--- REQUIREMENT ---
Restate the full listing word for word; images stay out of it.

--- INFORMATION Enclosed Below ---

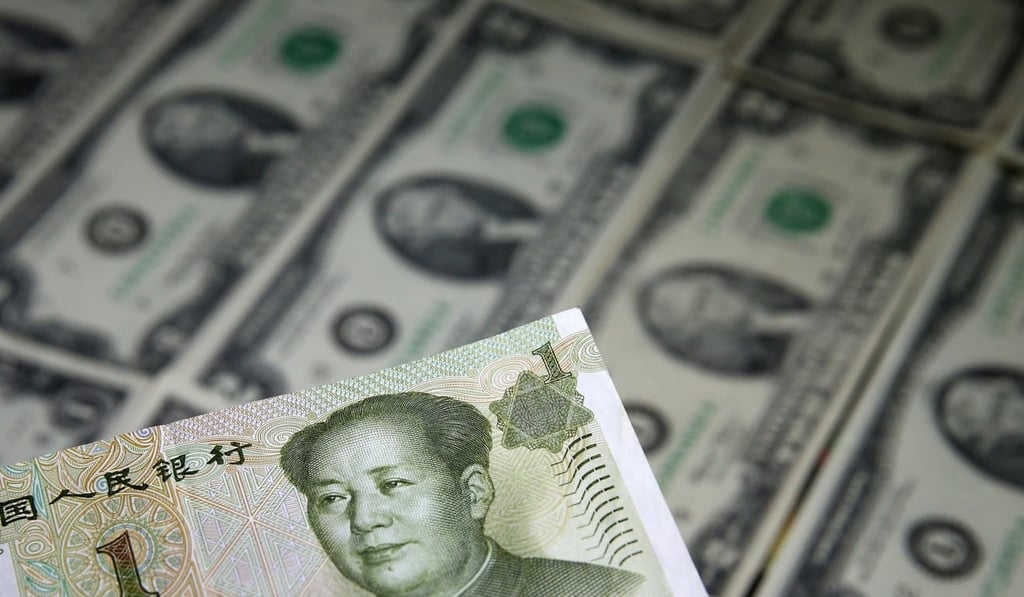 US Dollar and Chinese yuan banknotes are seen in this picture illustration taken May 8, 2017. China has increased its holdings of US treasuries as the country’s economy stabilises. Photo: Reuters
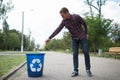 Cleaning man of an empty of plastic drinking bottle left on the road floor. Concept of environmental protection.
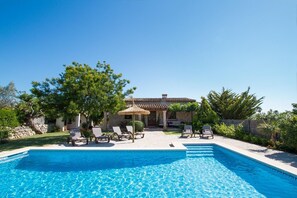 A swimming pool with lounge chairs and a stone building in the background. - Stone Majorcan Villa With Gardens (Pollença)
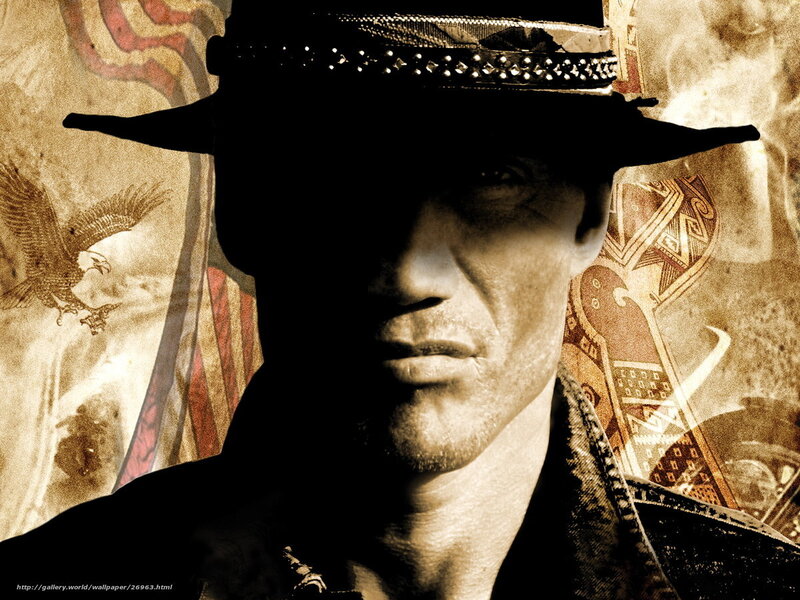 man in hat with eagle background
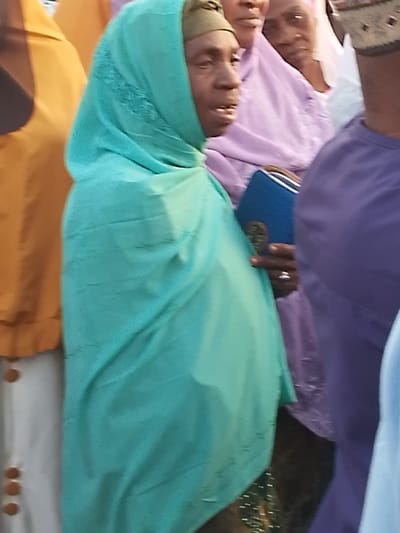 A woman in a light blue headscarf and matching shawl stands among a crowd of people. She has dark skin and is holding a blue book with a silver design. Other individuals are visible, including one in a lavender headscarf and another in an orange top. The person to her right wears a purple shirt and the person to the left has a white garment with brown buttons.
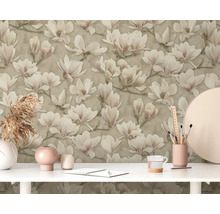 Gros plan d''un mur avec un papier peint à fleurs de magnolia au-dessus d''une table blanche avec des décorations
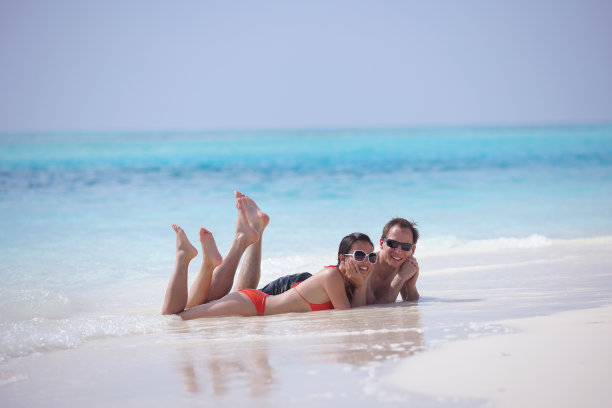 快乐的年轻夫妇在海滩上玩得开心图片下载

--- End of Enclosed INFORMATION ---

--- RESPONSE TO THIS EXERCISE ---
 US Dollar and Chinese yuan banknotes are seen in this picture illustration taken May 8, 2017. China has increased its holdings of US treasuries as the country’s economy stabilises. Photo: Reuters
 Cleaning man of an empty of plastic drinking bottle left on the road floor. Concept of environmental protection.
 A swimming pool with lounge chairs and a stone building in the background. - Stone Majorcan Villa With Gardens (Pollença)
 man in hat with eagle background
 A woman in a light blue headscarf and matching shawl stands among a crowd of people. She has dark skin and is holding a blue book with a silver design. Other individuals are visible, including one in a lavender headscarf and another in an orange top. The person to her right wears a purple shirt and the person to the left has a white garment with brown buttons.
 Gros plan d''un mur avec un papier peint à fleurs de magnolia au-dessus d''une table blanche avec des décorations
 快乐的年轻夫妇在海滩上玩得开心图片下载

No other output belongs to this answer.